> SOURCE DATA
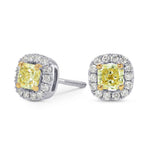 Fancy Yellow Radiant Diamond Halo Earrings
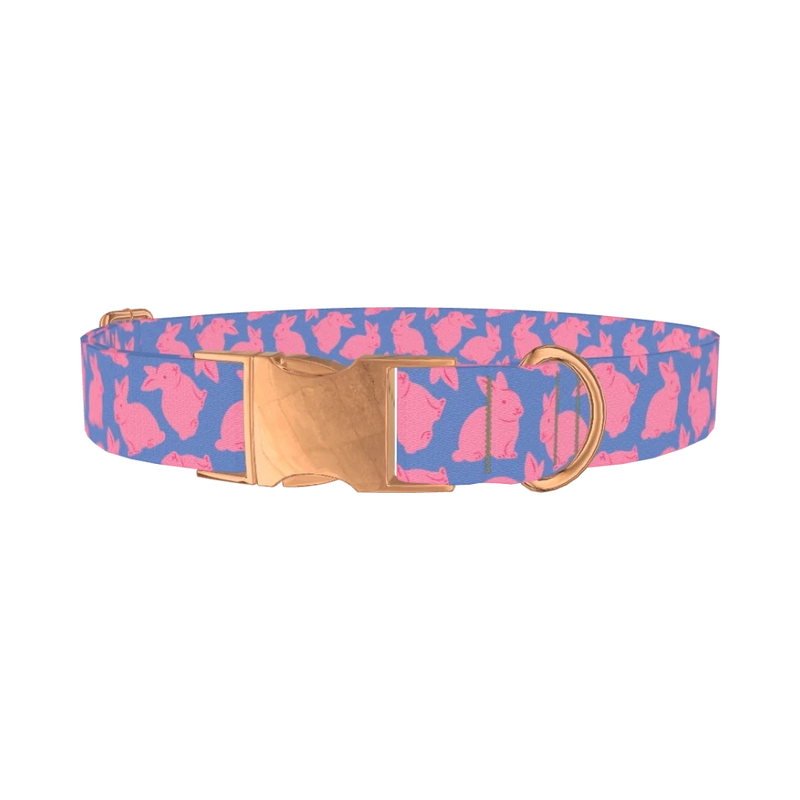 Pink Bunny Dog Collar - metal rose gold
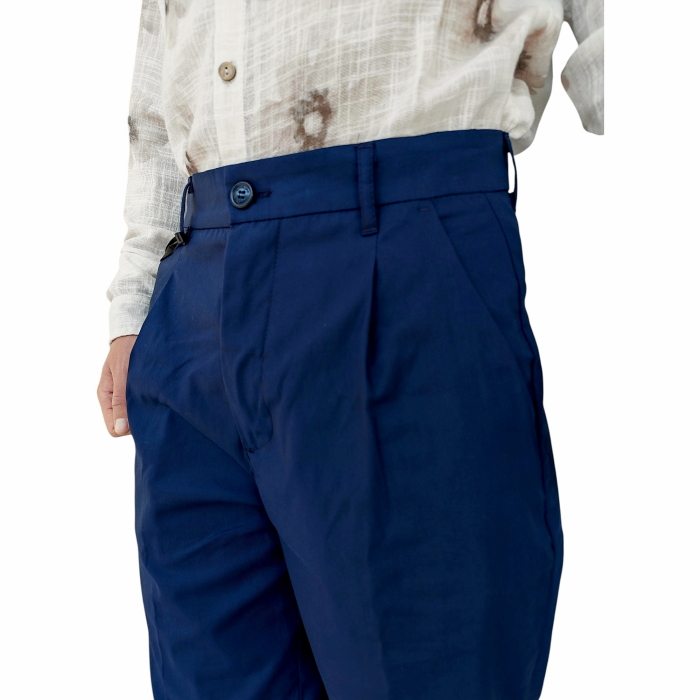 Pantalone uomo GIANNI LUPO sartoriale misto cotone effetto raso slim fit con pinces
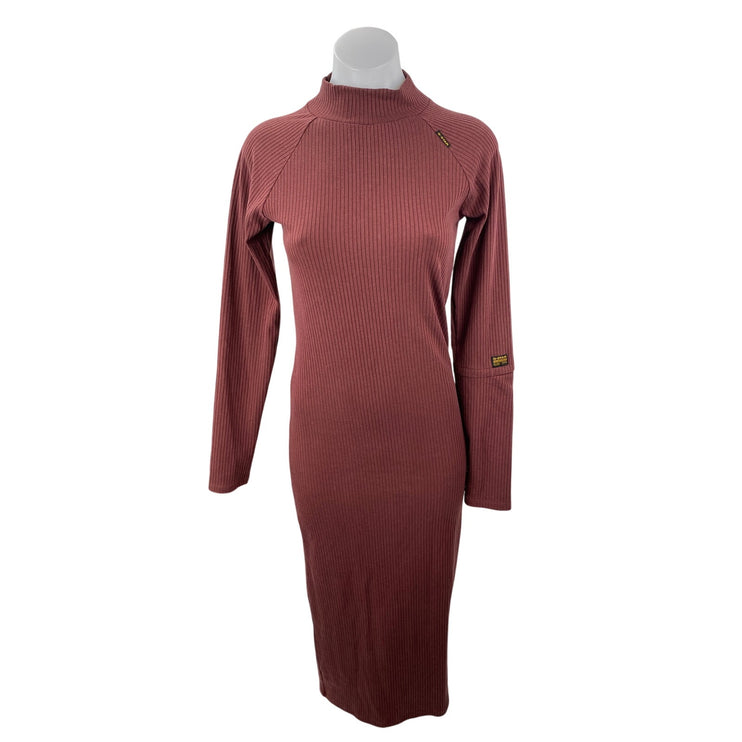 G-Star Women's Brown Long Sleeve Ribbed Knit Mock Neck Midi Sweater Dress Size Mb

> PROBLEM TO SOLVE
The lines wanted run from the one with "Pantalone uomo GIANNI" through the final line of the data; repeat them word for word and skip every picture.

> EXERCISE SOLUTION
 Pantalone uomo GIANNI LUPO sartoriale misto cotone effetto raso slim fit con pinces
 G-Star Women's Brown Long Sleeve Ribbed Knit Mock Neck Midi Sweater Dress Size Mb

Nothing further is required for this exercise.